WHAT TO PRODUCE: Copy only the lines from the one with "지상에 3 개의 파란 꽃을 가진 Scilla" through the end of the records, exactly as they stand. No pictures belong in the copy.

Records from a data source:
━━━━

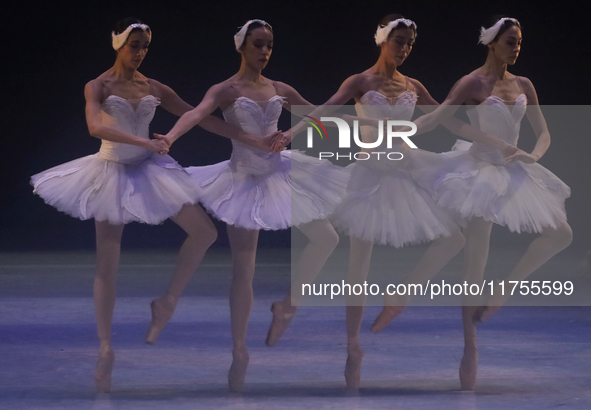 Dancers rehearse a fragment of the work Swan Lake at the Palace of Fine Arts in Mexico City, on November 8, 2024. The choreographic version...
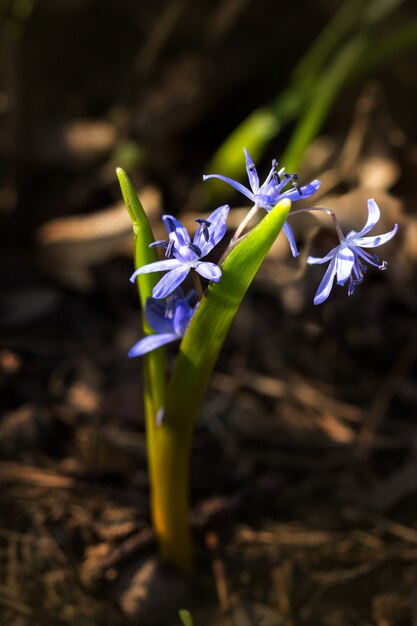 지상에 3 개의 파란 꽃을 가진 Scilla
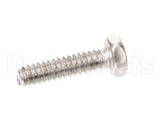 1307 Globe Screw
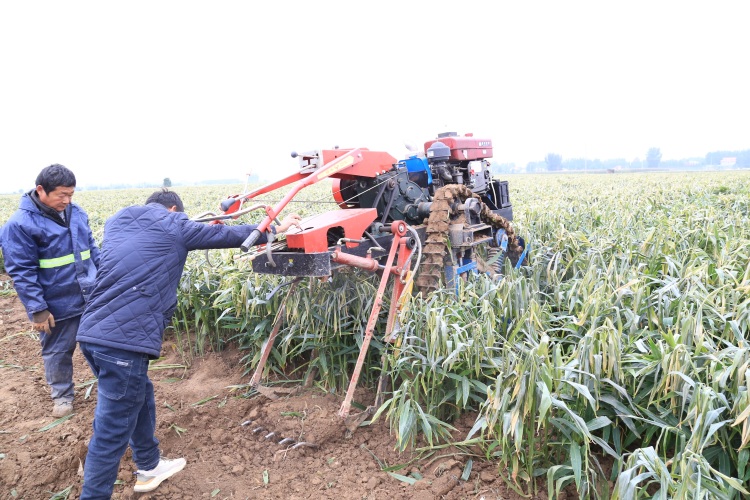 河北蠡县：生姜喜获丰收 合作社模式鼓起农民钱袋子​_fororder_0003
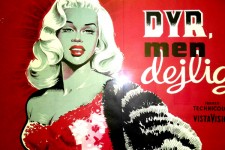 diana dors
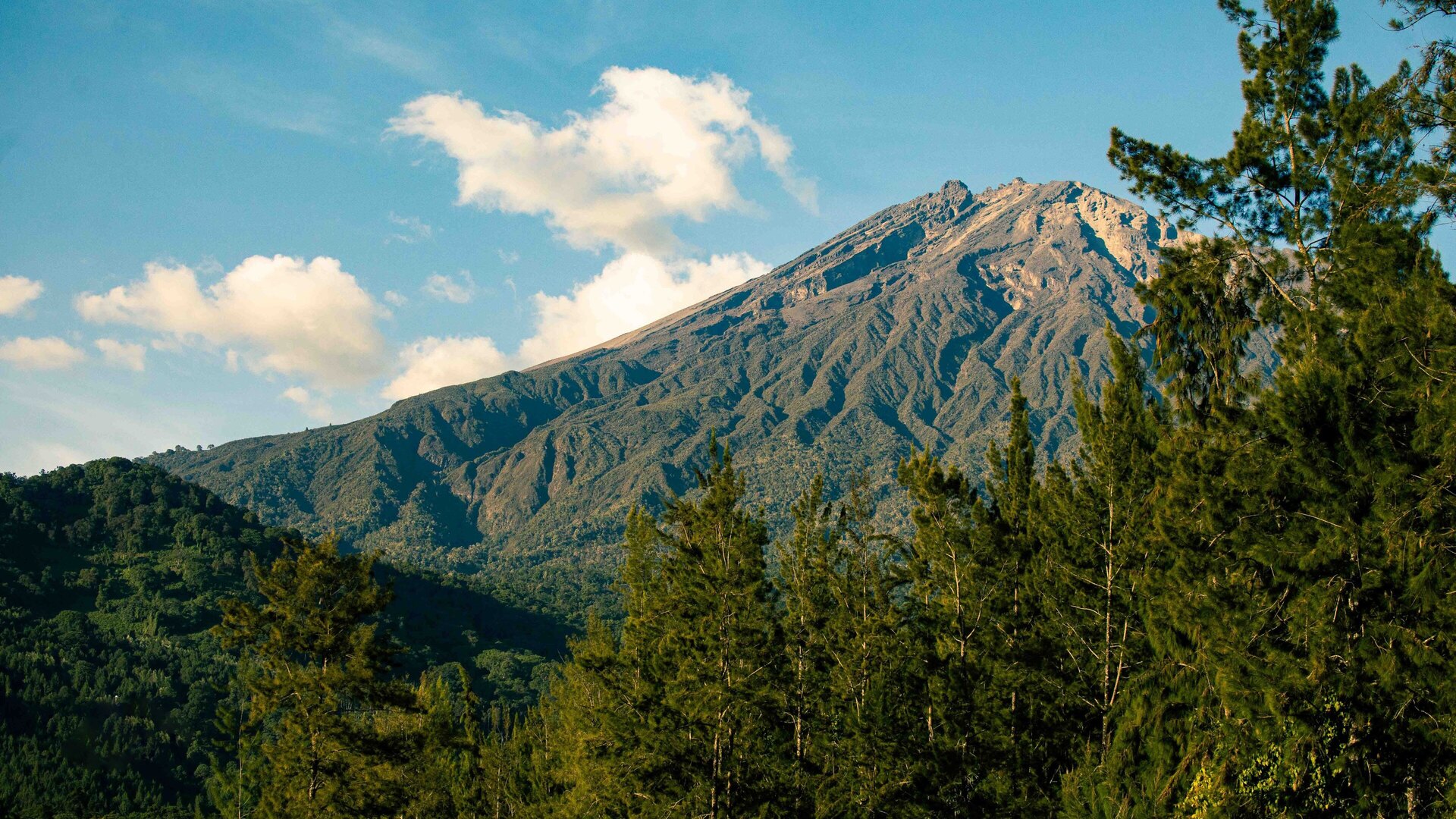 Mount Meru rising behind the town of Arusha, Tanzania, the gateway to the northern safari circuit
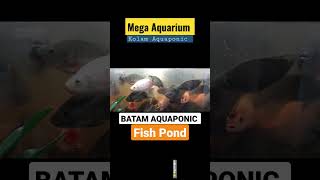 MEGA AQUARIUM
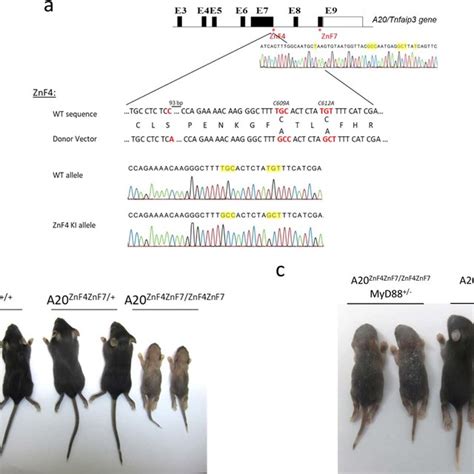 A Znf Znf Knock In Mice A Schematic Depiction Of The A Tnfaip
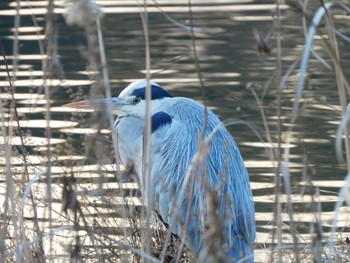 2021年1月18日(月) 見沼自然公園の野鳥観察記録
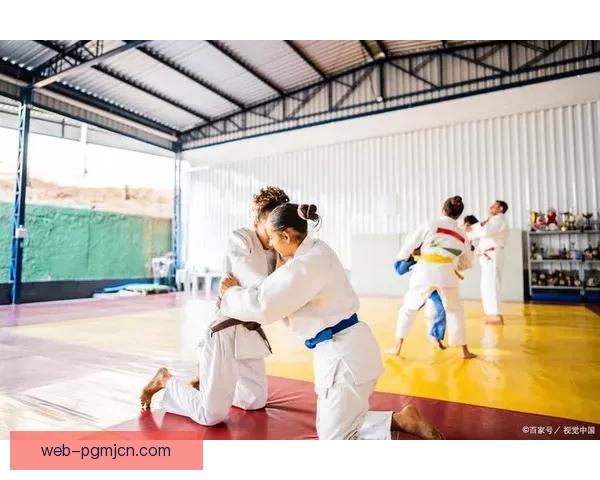 柔道之光：揭秘传统与现代融合的历史传承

━━━━

RESULT OF THE TASK:
 지상에 3 개의 파란 꽃을 가진 Scilla
 1307 Globe Screw
 河北蠡县：生姜喜获丰收 合作社模式鼓起农民钱袋子​_fororder_0003
 diana dors
 Mount Meru rising behind the town of Arusha, Tanzania, the gateway to the northern safari circuit
 MEGA AQUARIUM
 A Znf Znf Knock In Mice A Schematic Depiction Of The A Tnfaip
 2021年1月18日(月) 見沼自然公園の野鳥観察記録
 柔道之光：揭秘传统与现代融合的历史传承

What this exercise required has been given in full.